[Exercise brief] Please state how many lines in the records below contain the word "Friendly", giving only the number.

[Material provided]
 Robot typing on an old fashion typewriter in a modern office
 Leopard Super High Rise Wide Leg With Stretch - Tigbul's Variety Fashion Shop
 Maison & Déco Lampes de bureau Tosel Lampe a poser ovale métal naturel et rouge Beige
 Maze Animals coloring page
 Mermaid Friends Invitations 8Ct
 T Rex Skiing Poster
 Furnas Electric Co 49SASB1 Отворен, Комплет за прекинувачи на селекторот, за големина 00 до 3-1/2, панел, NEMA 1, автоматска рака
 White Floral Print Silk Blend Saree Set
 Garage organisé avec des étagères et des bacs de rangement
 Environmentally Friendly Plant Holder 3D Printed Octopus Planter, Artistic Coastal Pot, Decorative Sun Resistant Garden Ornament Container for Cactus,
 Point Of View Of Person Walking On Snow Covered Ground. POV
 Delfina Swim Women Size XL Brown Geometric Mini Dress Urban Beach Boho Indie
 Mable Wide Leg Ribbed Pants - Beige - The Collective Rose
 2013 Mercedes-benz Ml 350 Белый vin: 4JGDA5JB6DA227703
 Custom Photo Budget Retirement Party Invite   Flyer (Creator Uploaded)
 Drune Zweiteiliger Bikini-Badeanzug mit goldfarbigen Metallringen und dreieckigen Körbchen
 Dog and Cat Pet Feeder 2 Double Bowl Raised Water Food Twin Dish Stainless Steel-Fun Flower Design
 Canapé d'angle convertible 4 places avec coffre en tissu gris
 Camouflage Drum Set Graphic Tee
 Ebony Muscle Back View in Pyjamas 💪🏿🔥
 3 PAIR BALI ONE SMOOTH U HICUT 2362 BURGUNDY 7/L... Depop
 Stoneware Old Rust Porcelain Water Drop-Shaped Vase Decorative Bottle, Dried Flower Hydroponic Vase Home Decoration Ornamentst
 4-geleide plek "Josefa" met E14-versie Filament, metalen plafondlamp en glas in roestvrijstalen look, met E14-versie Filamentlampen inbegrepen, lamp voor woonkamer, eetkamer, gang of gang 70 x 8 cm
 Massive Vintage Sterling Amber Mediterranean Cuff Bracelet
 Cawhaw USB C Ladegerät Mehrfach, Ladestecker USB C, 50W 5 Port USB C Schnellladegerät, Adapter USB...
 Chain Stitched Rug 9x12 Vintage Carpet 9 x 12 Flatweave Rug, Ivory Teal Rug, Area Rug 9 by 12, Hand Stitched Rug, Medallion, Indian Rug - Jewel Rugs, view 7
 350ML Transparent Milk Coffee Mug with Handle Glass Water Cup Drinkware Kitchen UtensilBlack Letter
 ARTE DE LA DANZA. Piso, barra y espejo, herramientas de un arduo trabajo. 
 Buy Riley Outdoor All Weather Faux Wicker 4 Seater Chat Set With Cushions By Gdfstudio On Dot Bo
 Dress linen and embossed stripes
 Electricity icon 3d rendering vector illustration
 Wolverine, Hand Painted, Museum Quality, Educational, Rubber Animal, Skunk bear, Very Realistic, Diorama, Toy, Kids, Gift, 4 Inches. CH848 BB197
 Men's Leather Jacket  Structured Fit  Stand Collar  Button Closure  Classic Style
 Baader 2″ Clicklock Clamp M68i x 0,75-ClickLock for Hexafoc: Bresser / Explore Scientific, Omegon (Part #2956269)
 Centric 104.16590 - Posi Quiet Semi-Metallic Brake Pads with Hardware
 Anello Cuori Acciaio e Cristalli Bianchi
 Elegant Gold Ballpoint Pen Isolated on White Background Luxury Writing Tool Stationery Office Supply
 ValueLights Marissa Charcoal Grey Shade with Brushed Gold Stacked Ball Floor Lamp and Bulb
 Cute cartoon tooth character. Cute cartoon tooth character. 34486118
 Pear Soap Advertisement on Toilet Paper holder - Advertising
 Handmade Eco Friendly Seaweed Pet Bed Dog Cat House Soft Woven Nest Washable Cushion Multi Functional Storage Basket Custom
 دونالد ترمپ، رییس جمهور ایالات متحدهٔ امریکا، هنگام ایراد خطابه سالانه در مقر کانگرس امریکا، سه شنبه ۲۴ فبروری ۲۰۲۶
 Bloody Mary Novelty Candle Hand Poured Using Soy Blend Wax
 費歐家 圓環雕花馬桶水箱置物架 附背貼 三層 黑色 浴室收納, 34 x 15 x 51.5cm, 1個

[Task answer] 2